Inizio’ a tergiversare in maniera ostentativa, palpegiando il mio passaporto come se volesse farmi intendere che aveva scoperto qualcosa di molto grave che non andava bene. Quella pantomima durava, oramai da troppo tempo. Presi dalla mia macchina una scatola di mezzi toscani e, porgendogliela nella mano mi ripresi, senza tanti complimenti, il mio passaporto. Il doganiere era stato il secondo pubblico ufficile rumeno che aveva maneggiato il mio passaporto. Il primo era stato un poliziotto di frontiera, che, ad onor del vero, velocemente e senza induci, aveva apposto un paio di timbri per comprovare il mio ingresso in Romania ed un altro timbro che indicava con che automobile, indicando debitamente il numero di targa, ero entrato. Il doganiere non fece nessuna dimostrazione negativa. Semplicemente apri’ il pacchetto dei mezzi toscani, ne odoro’ il profumo e, soddisfatto del suo bottino, rientro’ nella garritta in attesa della prossima vittima.

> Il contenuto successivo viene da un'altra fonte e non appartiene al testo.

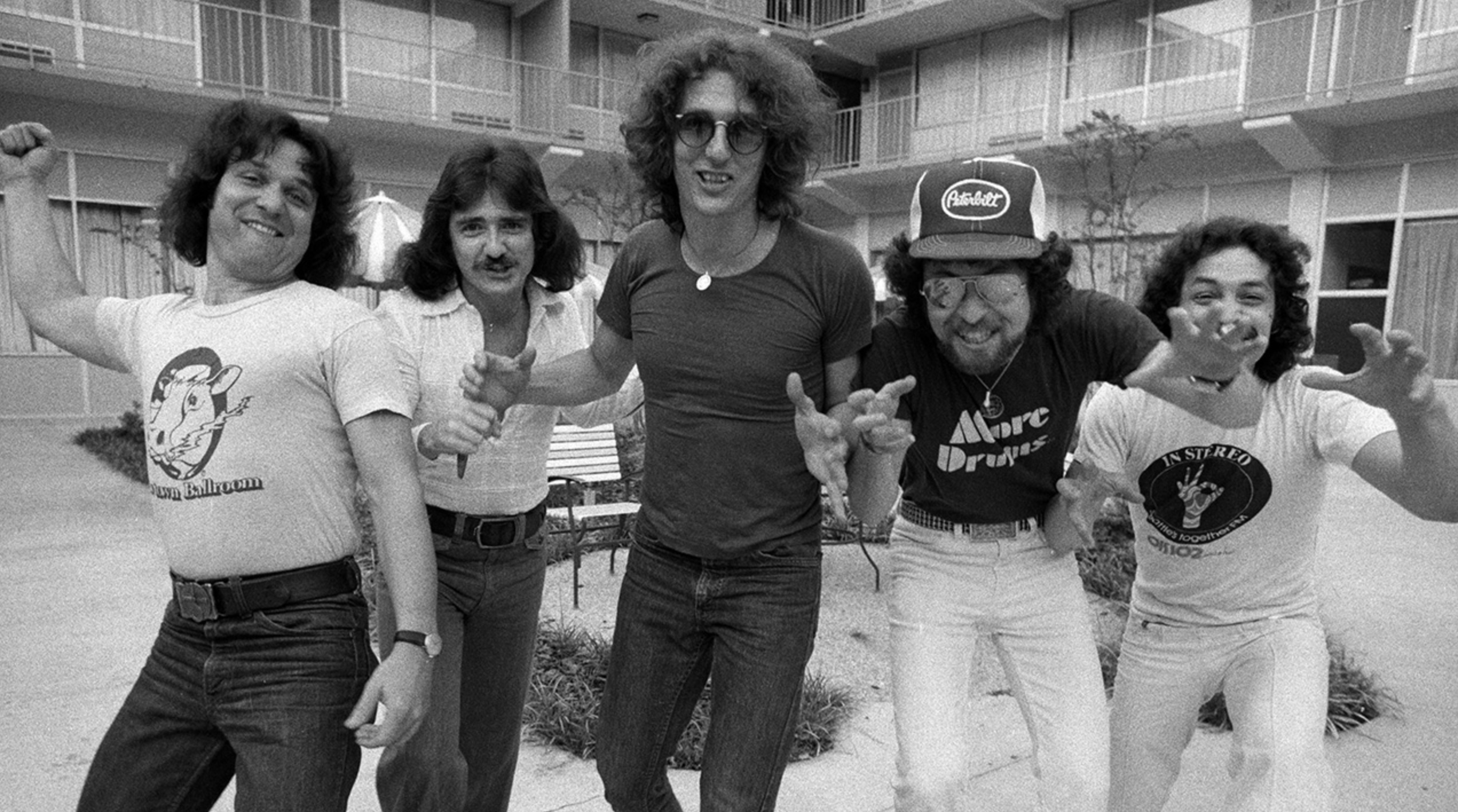 24 More Cowbell Pics Of 1970s Blue Oyster Cult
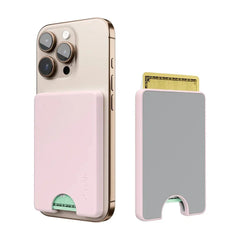 Light Pink MagWallet
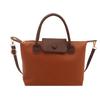 Bolso Dumpling para Mujer 2025 Primavera Explosiones alta calidad Bolso de Hombro Moda Costuras Color Contraste Bolso Bandolera Bolso de Mujer de Alta Gama
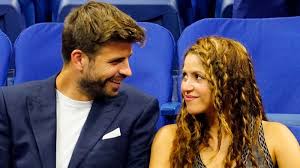 El misterioso tuit de Gerard Piqué horas antes del lanzamiento de la polémica nueva canción de Shakira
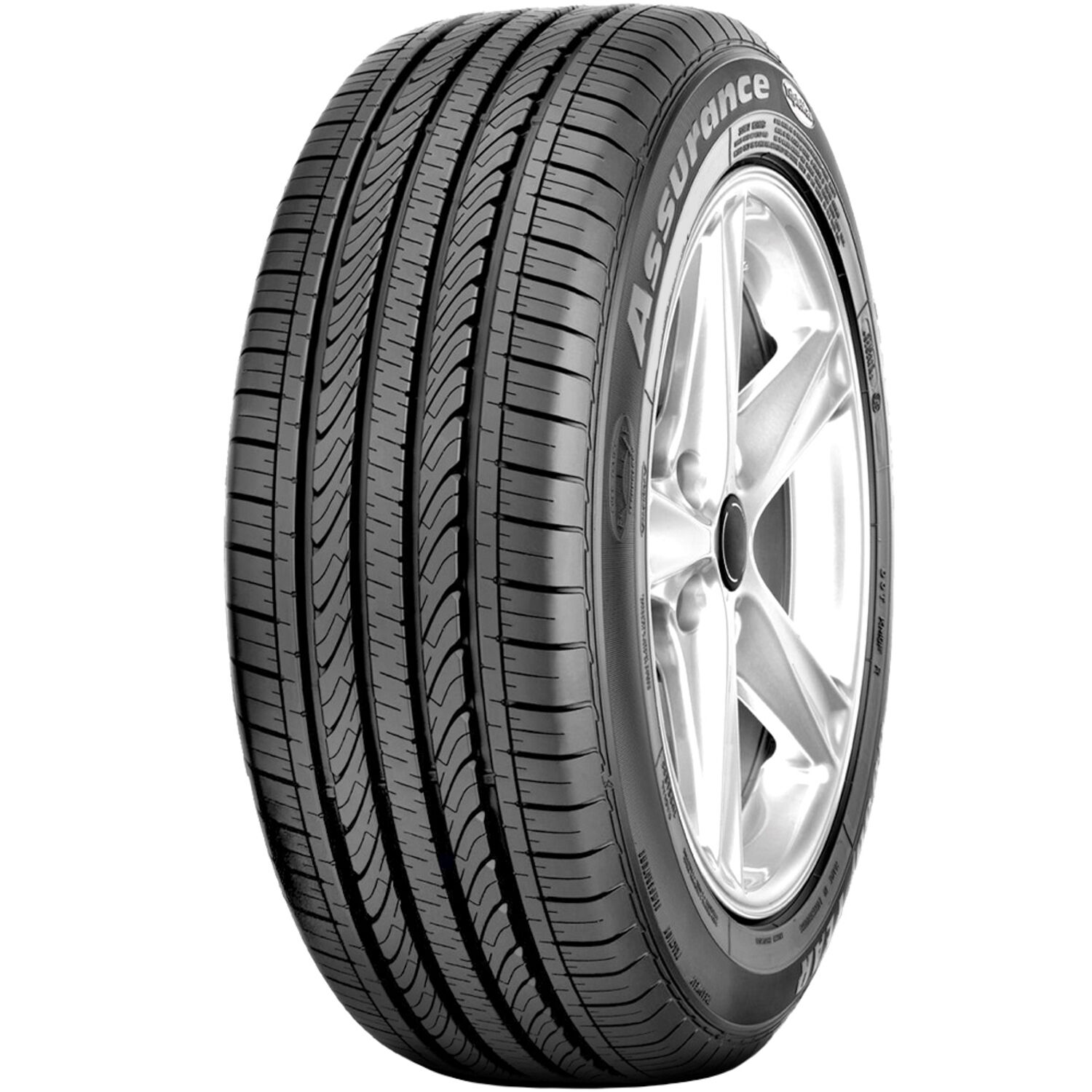 Goodyear Assurance Triplemax 215/55R17 94V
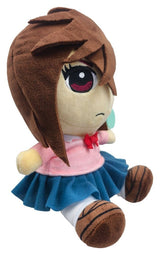 Dan Da Dan Plush Figure Momo 25 cm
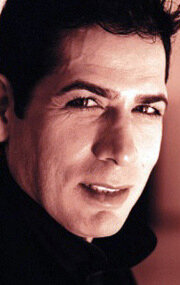 фото Фархад Манн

Era tardi, tra un controllo un’attesa ed una perdita di tempo, erano gia’ passate le undici di sera. Non avevo la benche’ minima idea di dove dormire, sapevo solo che Satu mare sarebbe stata la mia destinazione per quella sera. Il buio delle strade era totale. La carreggiata aveva una vaghissima idea di essere stata asfaltata in un lontano passato. Il numero delle buche era impressionante e non esisteva nessuna linea di marcatura sull’asfalto.
Dopo un ponte, meno male che procedevo con molta cautela, iniziava un’interminabile fila di automobili. Stavano tutte in coda per riempire i serbatoti di benzina. Erano tutte Dacia 1310, una versione della Renault 11, che i francesi avevao venduto a Ciausescu molti anni prima. I rumeni, durante il comunismo, dovevano pagare in anticipo, integralmente il valore dell’automobile, per riceverla un paio di anni piu’ tardi. Era un sistema normale, comunemente accettato dai piu’, ma con le sue brave eccezioni. Esistevano le raccomandazioni, le conoscenze, gli uomini di partito e cosi’ via e chi non aveva nessun santo in paradiso, aspettava e basta. Non avevo molte informazioni di quanto fosse accaduto negli anni del comunismo rumeno, ne avrei apprese giorno per giorno sia dai racconti delle persone che avrei conosciuto, sia da quanto avrei visto con i mei occhi ad iniziare da quei pochi chilometri che avavo iniziato a percorrere all’inizio della mia grande avventura rumena.